**EXERCISE GOAL:**
Only the lines below starting at the one that contains "Mercedes-Benz CLK-klasse Cabrio" and ending at the one that contains "Buses plasma PD0116" are to be reproduced, exactly and with both ends kept.
SOURCE DATA: Begin
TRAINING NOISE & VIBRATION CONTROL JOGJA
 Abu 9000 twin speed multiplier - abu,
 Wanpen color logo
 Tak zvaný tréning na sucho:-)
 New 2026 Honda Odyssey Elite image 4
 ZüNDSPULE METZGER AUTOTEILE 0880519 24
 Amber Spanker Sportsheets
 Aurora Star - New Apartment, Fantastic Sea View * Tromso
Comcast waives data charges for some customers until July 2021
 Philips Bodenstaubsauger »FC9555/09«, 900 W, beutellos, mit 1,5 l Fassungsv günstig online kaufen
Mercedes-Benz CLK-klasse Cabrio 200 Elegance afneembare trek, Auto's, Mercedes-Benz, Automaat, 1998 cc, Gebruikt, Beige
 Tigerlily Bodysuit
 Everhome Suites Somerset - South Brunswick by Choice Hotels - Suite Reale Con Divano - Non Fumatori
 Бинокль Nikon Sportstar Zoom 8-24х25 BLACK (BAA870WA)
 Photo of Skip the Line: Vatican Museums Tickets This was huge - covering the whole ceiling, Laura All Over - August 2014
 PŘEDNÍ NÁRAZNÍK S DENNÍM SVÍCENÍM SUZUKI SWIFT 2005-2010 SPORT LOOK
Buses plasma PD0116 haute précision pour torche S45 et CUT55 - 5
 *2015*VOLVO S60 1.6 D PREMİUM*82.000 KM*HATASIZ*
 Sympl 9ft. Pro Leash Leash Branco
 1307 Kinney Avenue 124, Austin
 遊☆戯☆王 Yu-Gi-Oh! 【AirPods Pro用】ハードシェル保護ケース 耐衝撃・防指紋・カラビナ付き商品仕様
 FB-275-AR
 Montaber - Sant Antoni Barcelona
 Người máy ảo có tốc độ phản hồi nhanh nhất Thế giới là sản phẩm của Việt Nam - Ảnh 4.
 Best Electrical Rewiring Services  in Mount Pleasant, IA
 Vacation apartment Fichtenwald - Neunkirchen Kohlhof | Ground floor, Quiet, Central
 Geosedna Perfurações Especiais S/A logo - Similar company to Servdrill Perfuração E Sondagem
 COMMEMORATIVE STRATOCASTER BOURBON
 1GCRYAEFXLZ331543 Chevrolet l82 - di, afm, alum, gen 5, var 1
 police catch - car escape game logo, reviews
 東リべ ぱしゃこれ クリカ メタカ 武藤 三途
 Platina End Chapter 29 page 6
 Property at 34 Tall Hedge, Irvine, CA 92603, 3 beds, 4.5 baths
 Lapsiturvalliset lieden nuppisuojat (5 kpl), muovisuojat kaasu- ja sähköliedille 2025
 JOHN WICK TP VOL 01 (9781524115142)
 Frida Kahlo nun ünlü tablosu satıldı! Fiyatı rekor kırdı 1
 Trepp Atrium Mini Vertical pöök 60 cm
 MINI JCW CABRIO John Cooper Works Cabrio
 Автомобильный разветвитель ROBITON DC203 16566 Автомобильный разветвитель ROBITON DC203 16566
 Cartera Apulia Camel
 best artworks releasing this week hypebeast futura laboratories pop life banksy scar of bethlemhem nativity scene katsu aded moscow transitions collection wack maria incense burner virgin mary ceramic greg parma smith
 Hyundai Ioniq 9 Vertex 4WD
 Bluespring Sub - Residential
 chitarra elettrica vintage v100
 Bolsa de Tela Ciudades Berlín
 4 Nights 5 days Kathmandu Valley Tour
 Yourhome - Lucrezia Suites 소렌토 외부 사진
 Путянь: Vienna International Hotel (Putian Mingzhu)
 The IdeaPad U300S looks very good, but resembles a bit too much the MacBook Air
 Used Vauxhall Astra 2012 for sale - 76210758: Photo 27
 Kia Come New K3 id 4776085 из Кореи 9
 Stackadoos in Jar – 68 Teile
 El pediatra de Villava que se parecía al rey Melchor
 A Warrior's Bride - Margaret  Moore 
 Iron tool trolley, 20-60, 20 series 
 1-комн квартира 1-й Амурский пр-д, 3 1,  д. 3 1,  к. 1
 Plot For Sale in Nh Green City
SOURCE DATA: End
**OUTPUT FOR THIS TASK:**
Mercedes-Benz CLK-klasse Cabrio 200 Elegance afneembare trek, Auto's, Mercedes-Benz, Automaat, 1998 cc, Gebruikt, Beige
 Tigerlily Bodysuit
 Everhome Suites Somerset - South Brunswick by Choice Hotels - Suite Reale Con Divano - Non Fumatori
 Бинокль Nikon Sportstar Zoom 8-24х25 BLACK (BAA870WA)
 Photo of Skip the Line: Vatican Museums Tickets This was huge - covering the whole ceiling, Laura All Over - August 2014
 PŘEDNÍ NÁRAZNÍK S DENNÍM SVÍCENÍM SUZUKI SWIFT 2005-2010 SPORT LOOK
Buses plasma PD0116 haute précision pour torche S45 et CUT55 - 5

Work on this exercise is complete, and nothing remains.